--- DATA EXTRACT Enclosed Below ---

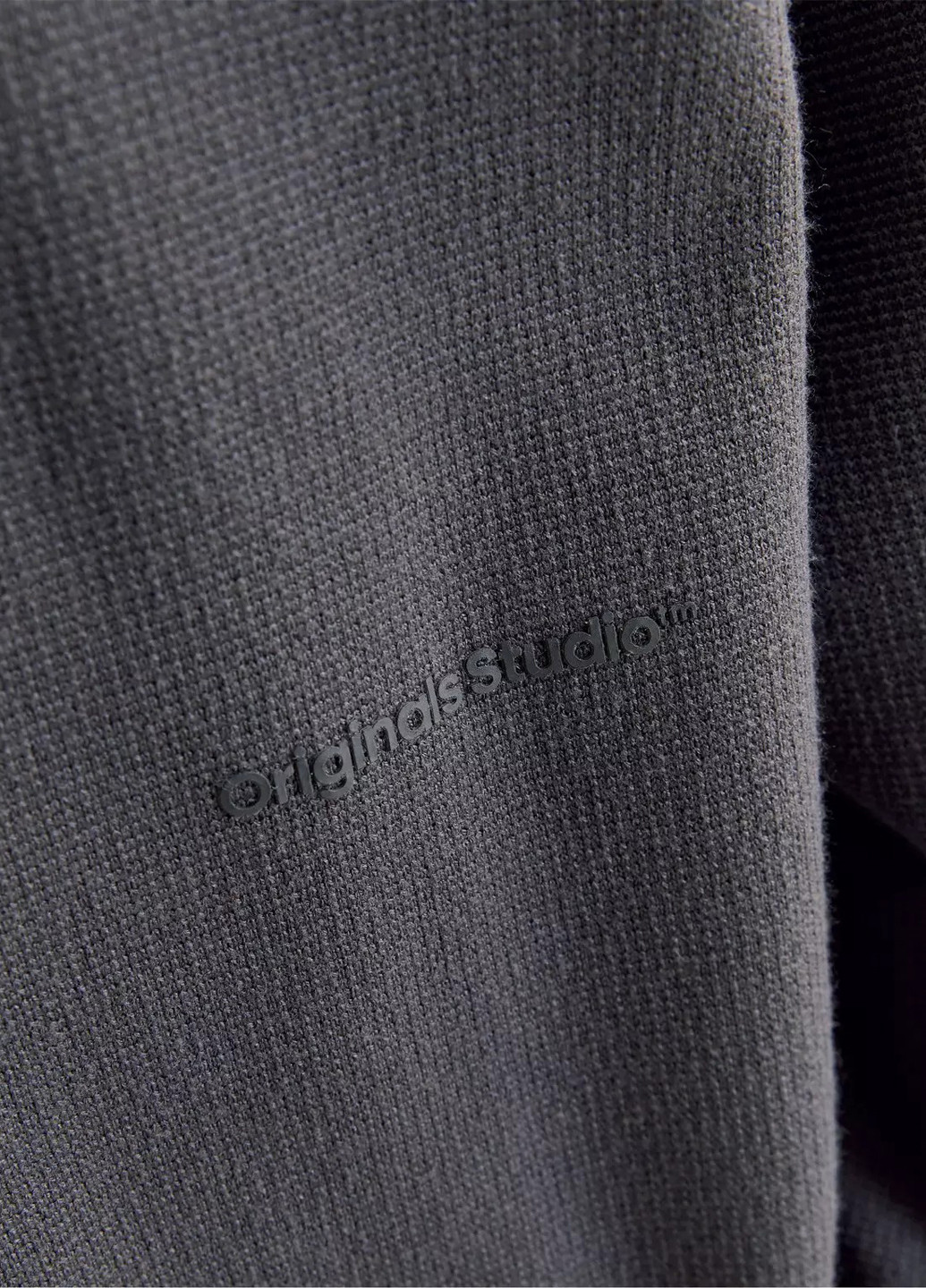 Сірий демісезонний джемпер джемпер Jack & Jones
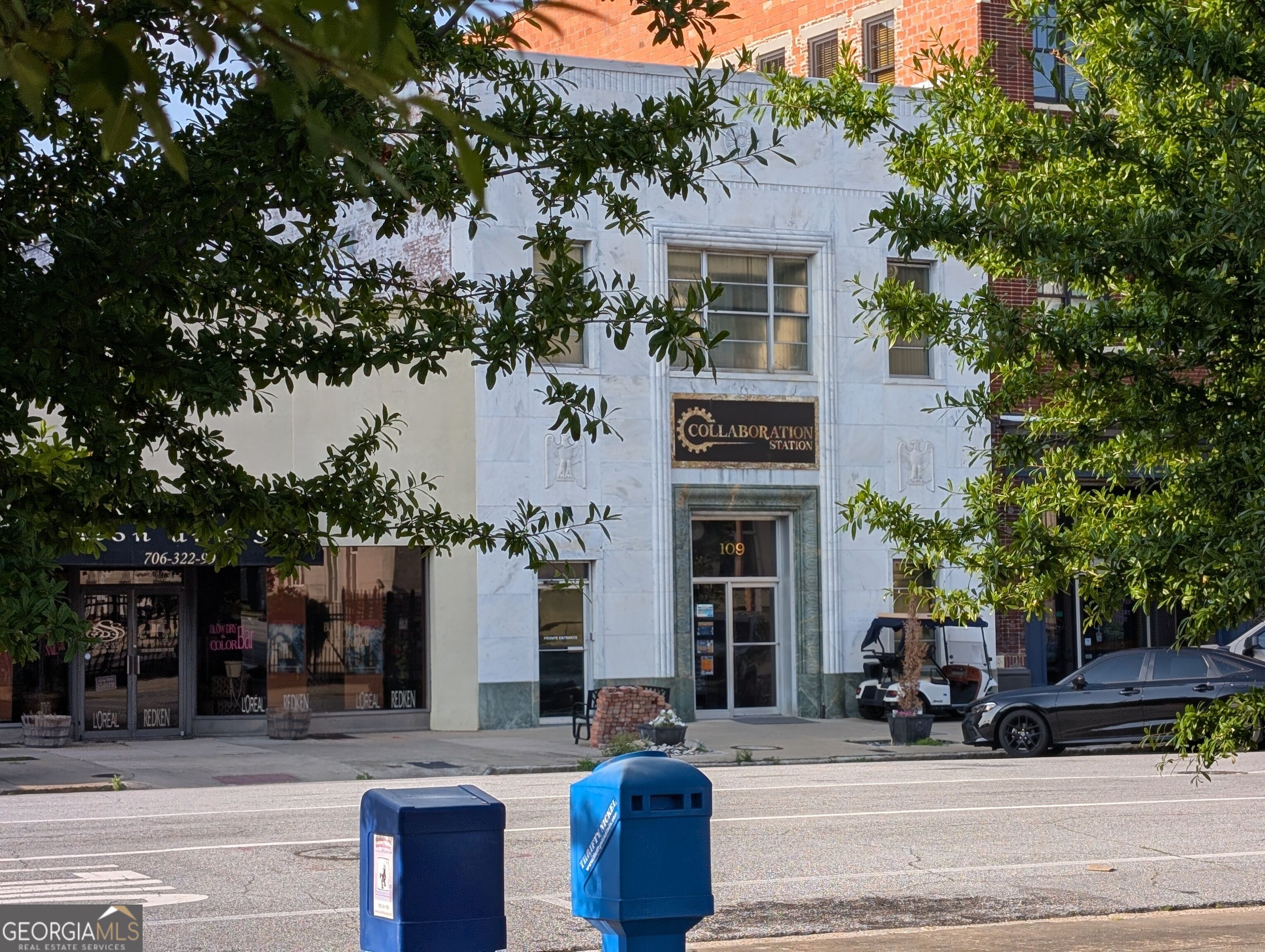 Commercial Lease in Columbus 5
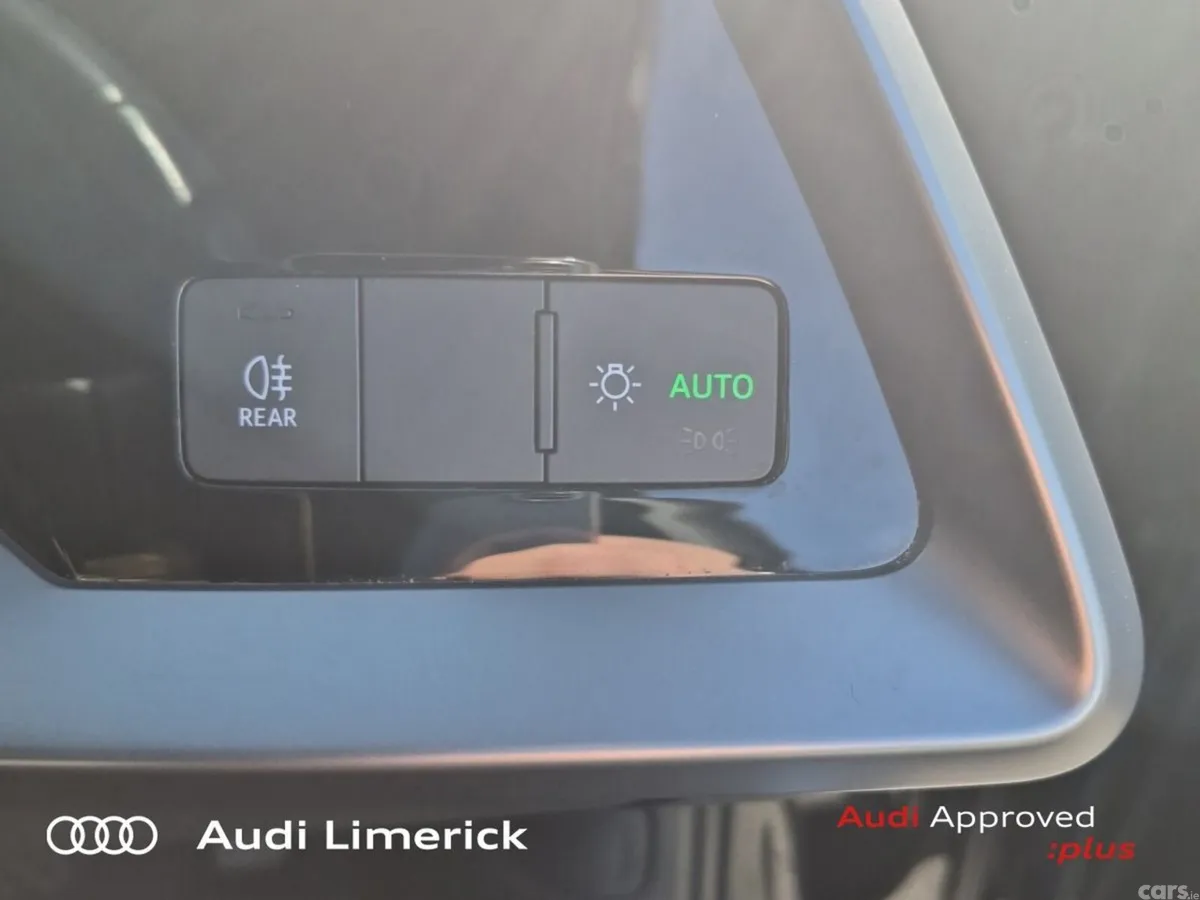 Audi A3 Hatchback, Diesel, 2023, Black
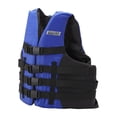 thumbnail image 2 of Seachoice Ski Vest - 4 Belt Blue, 2 of 5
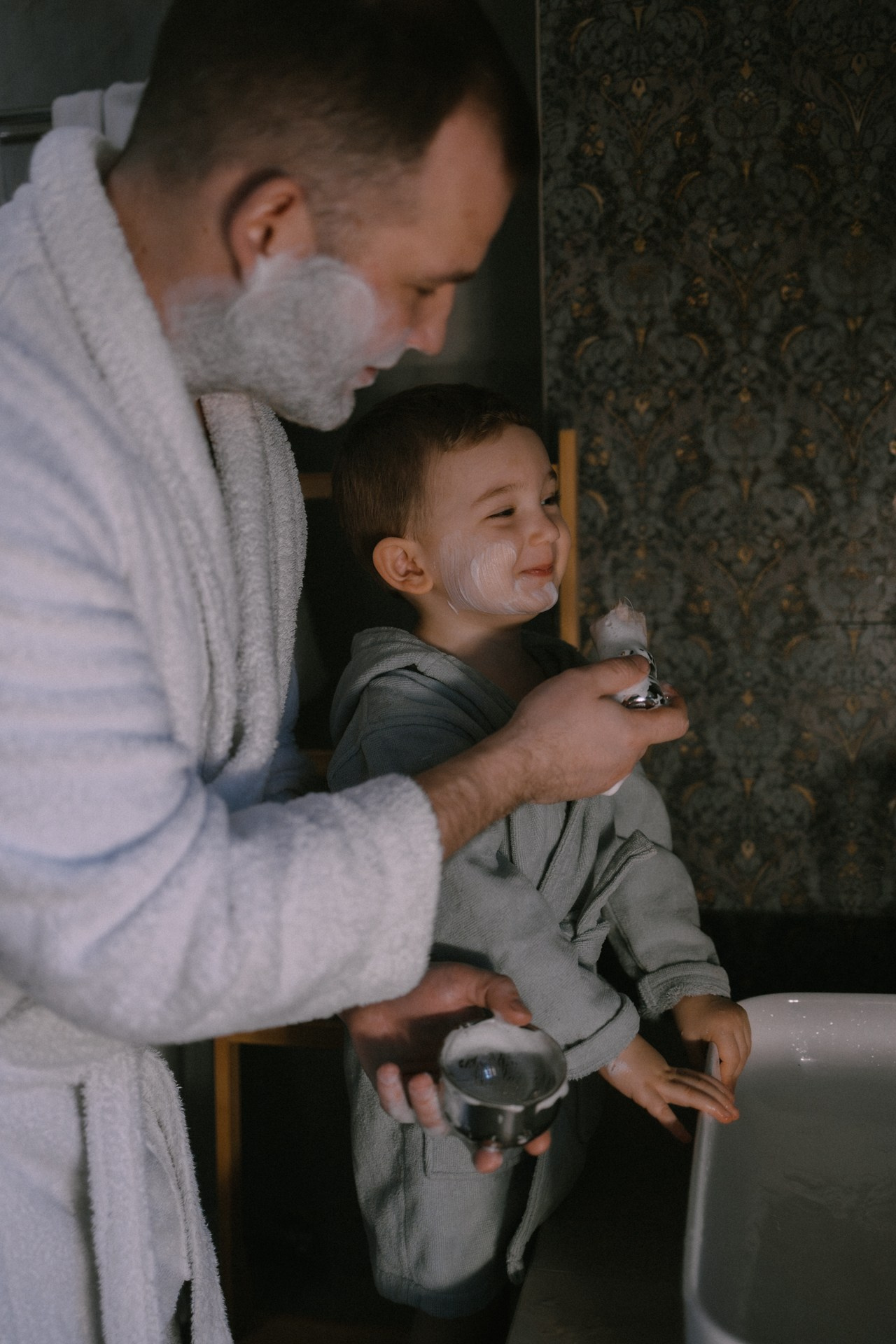 Наследник традиций. Фотограф в Санкт-Петербурге Кристина Порванова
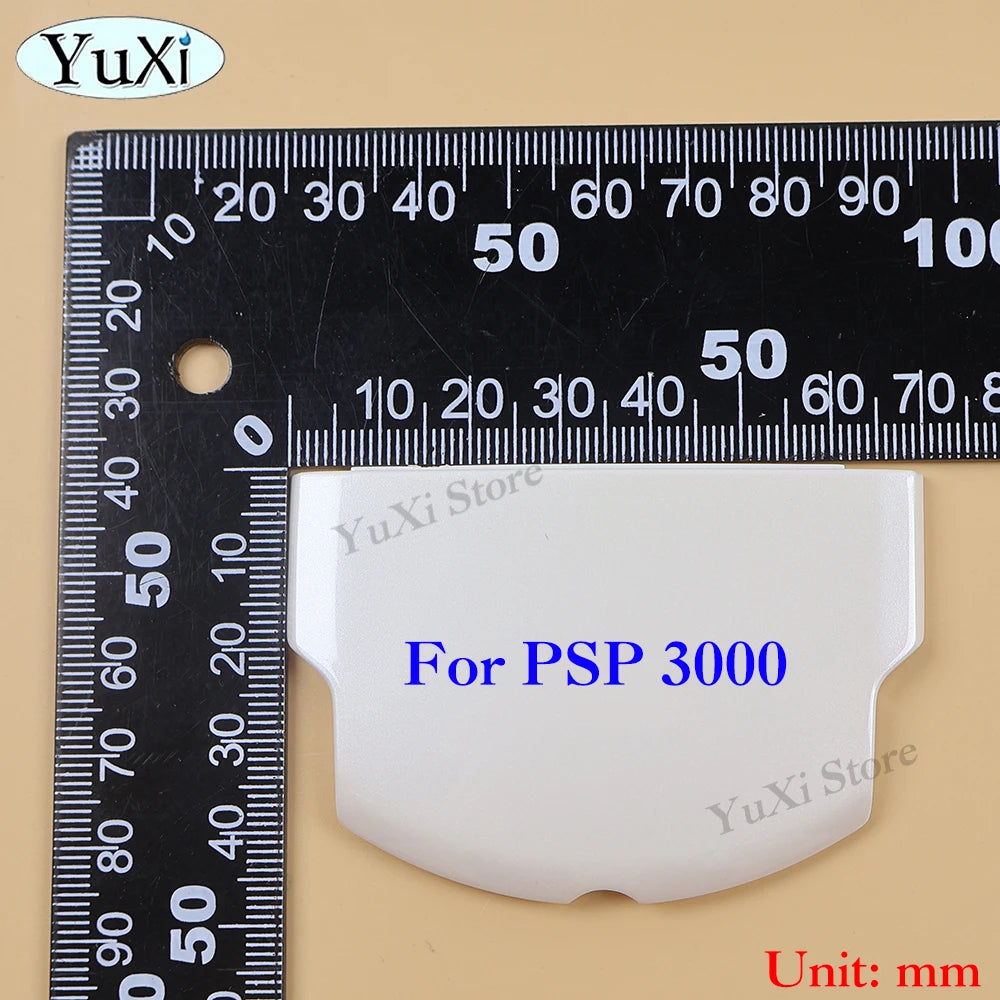 1Pc Battery Back Cover Case For PSP 3000 2000 1000 Replaceme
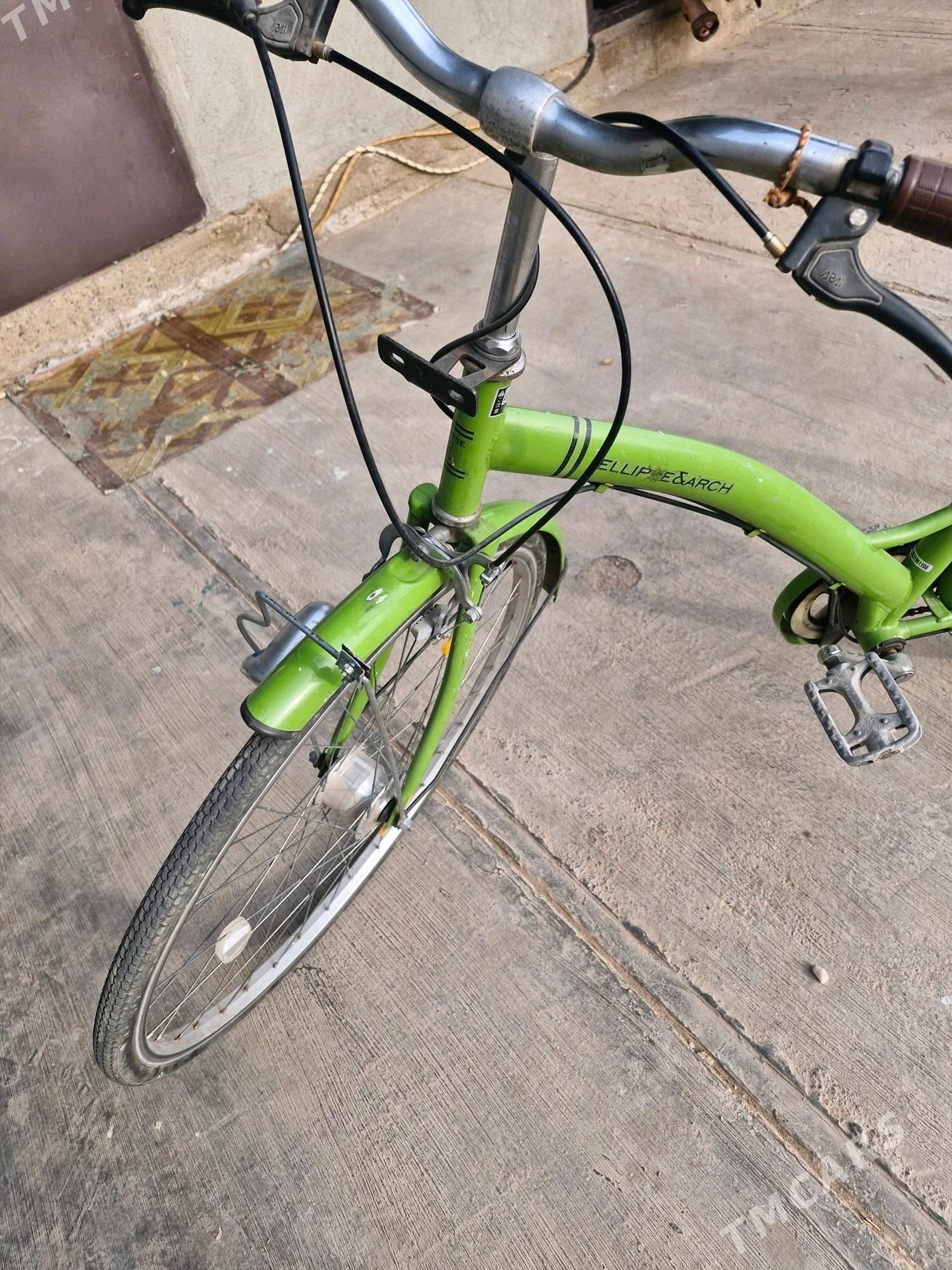 tigir welosepet 27 lik - Tejen - img 5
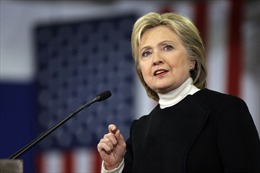 Bà Clinton lần đầu lên tiếng về những tin đồn thất thiệt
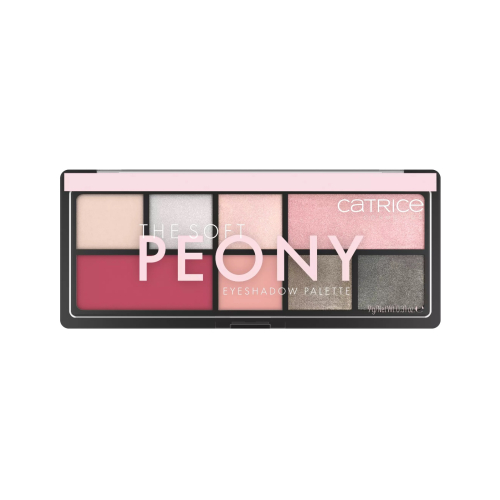 Catrice - Eyeshadow Palette The Soft Peony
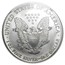 1990 American Silver Eagle MS-69 NGC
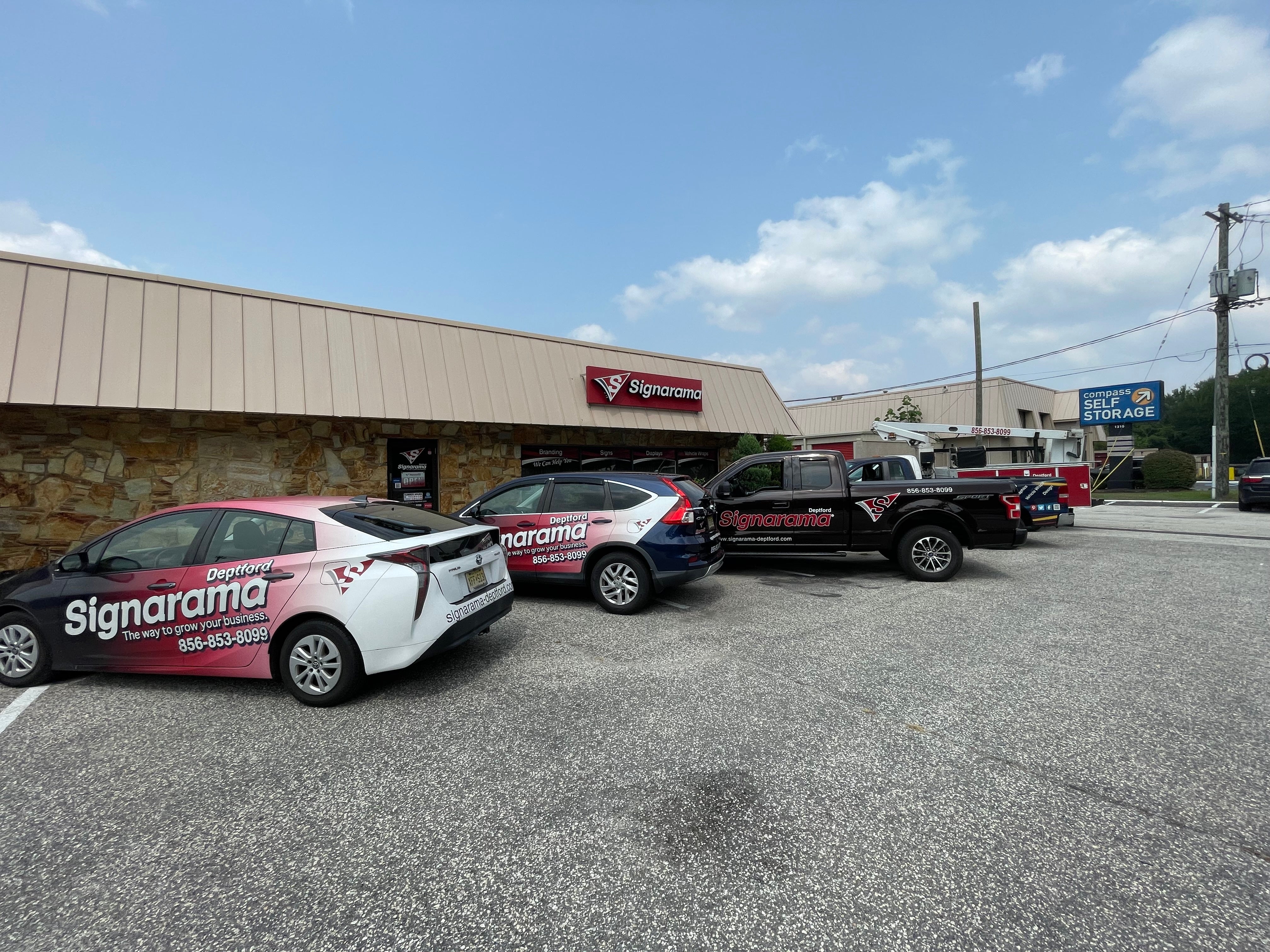 Signarama Vehicles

--- End of Enclosed DATA EXTRACT ---

- INSTRUCTIONS FOR THE TASK
Going from the line holding "1Pc Battery Back" to the last line of the data above, reproduce every line exactly, both included, with the pictures omitted.

- WRITTEN SOLUTION
 1Pc Battery Back Cover Case For PSP 3000 2000 1000 Replaceme
 tigir welosepet 27 lik - Tejen - img 5
 Bà Clinton lần đầu lên tiếng về những tin đồn thất thiệt
 Catrice - Eyeshadow Palette The Soft Peony
 1990 American Silver Eagle MS-69 NGC
 Signarama Vehicles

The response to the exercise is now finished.